In November 2000, the United States Government repealed the tax provisions
associated with Foreign Sales Corporations ("FSC") and enacted, in their place,
the ETI, certain provisions of which differed from those governed by the FSC
regulations. The ETI provides for the exclusion from United States income tax of
certain extraterritorial income earned from the sale of qualified United States
origin goods. Qualified United States origin goods are generally defined as
those wherein not more than 50% of the fair market value (including intangible
values) is attributable to foreign content or value added outside the United
States. It is unknown if this benefit will continue to be available to the
Company in the future because the World Trade Organization ("WTO") ruled in
January 2002 in favor of a complaint by the European Union, and joined by
Canada, Japan and India, that the ETI exclusion constitutes a prohibited export
subsidy under WTO regulations. The United States Government is currently
reviewing its options in response to this ruling.
New Accounting Standards
- ------------------------
In September 2001, the Financial Accounting Standards Board ("FASB") issued
Statement of Financial Accounting Standards ("SFAS") No. 143, "Accounting for
Asset Retirement Obligations," which addresses the accounting and financial
reporting for legal obligations associated with the retirement of tangible
long-lived assets and the associated asset retirement costs. The Company adopted
the provisions of SFAS No. 143, effective February 1, 2003, and its impact was
not significant on the Company's financial position, earnings or cash flows.
In April 2003, the FASB issued SFAS No. 149, "Amendment of Statement 133 on
Derivative Instruments and Hedging Activities." SFAS No. 149 amends and
-17-
clarifies financial accounting and reporting for derivative instruments,
including certain derivative instruments embedded in other contracts and for
hedging activities under SFAS No. 133, "Accounting for Derivative Instruments
and Hedging Activities." In general, SFAS No. 149 is effective for contracts
entered into or modified after June 30, 2003 and for hedging relationships
designated after June 30, 2003. The adoption of SFAS No. 149 did not have a
significant impact on the Company's financial position, earnings or cash flows.
FINANCIAL CONDITION
- -------------------
Liquidity and Capital Resources
- -------------------------------
The Company's liquidity needs have been, and are expected to remain, primarily a
function of its seasonal working capital requirements and capital expenditure
needs, which have increased due to the Company's expansion.

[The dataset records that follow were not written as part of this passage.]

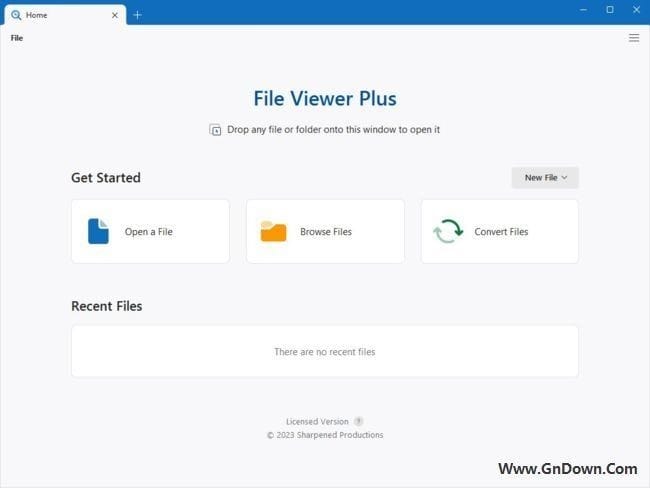 File Viewer Plus(多功能文件浏览器工具) v5.3.0 便携版-滴滴资源网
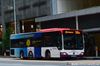 Thumbnail: SBS6251D — A Mercedes-Benz Citaro single-deck bus, pictured carrying a Open Electricity Market advertisement, serving commuters on service 196e under current bus operator SBS Transit in May 2019.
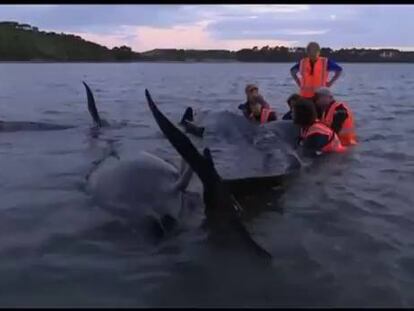 Muere un centenar de ballenas varadas en Nueva Zelanda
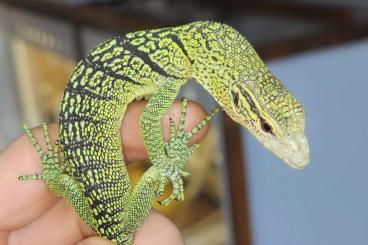 Warane kaufen und verkaufen Foto: Varanus reisingeri cb07/2024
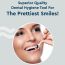 GUBB: Dental Floss Pick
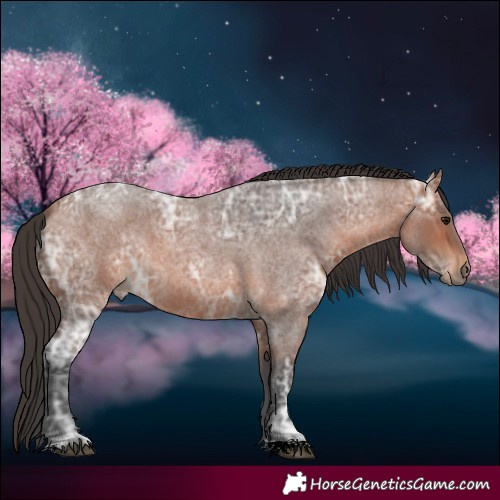 Horse Color:Bay Ice Roan 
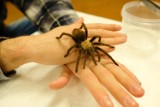 Tarantule, ptaszniki, skorpiony. Niezwykła wystawa pajęczaków w Lubsku, tylko dla ludzi o mocnych nerwach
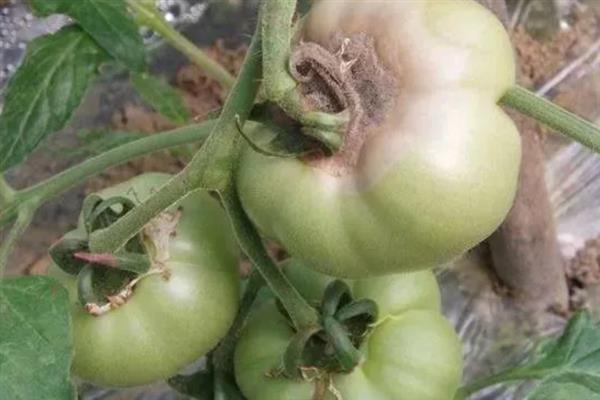 植物发生病害有什么症状，常见变色、腐烂、畸形等表现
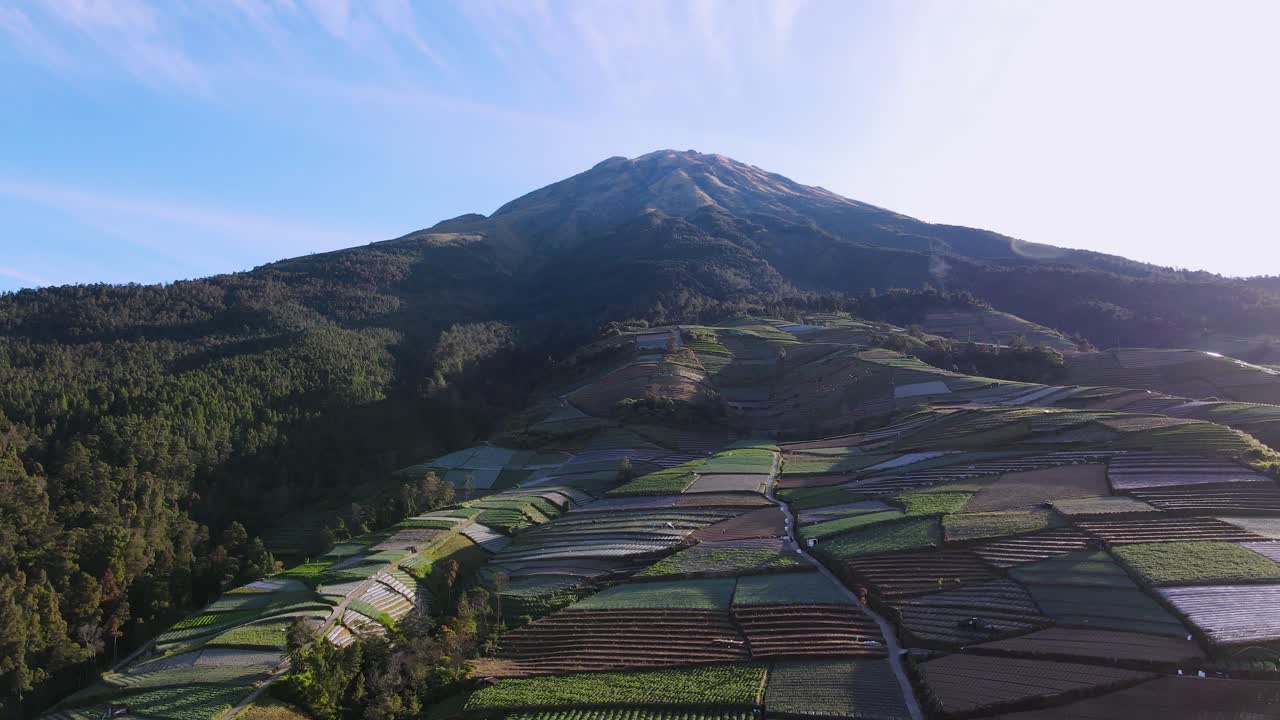 vista aérea de una plantación de verduras en la ladera de la montaña con el cielo azul en una mañana soleada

The Company achieved a net cash inflow from operating activities of $49,330,000
in the nine months ended October 31, 2003 compared with an inflow of $32,908,000
in the 2002 period.
Working capital (current assets less current liabilities) and the corresponding
current ratio (current assets divided by current liabilities) were $829,610,000
and 3.0:1 at October 31, 2003 compared with $770,481,000 and 3.6:1 at January
31, 2003 and $720,973,000 and 3.2:1 at October 31, 2002.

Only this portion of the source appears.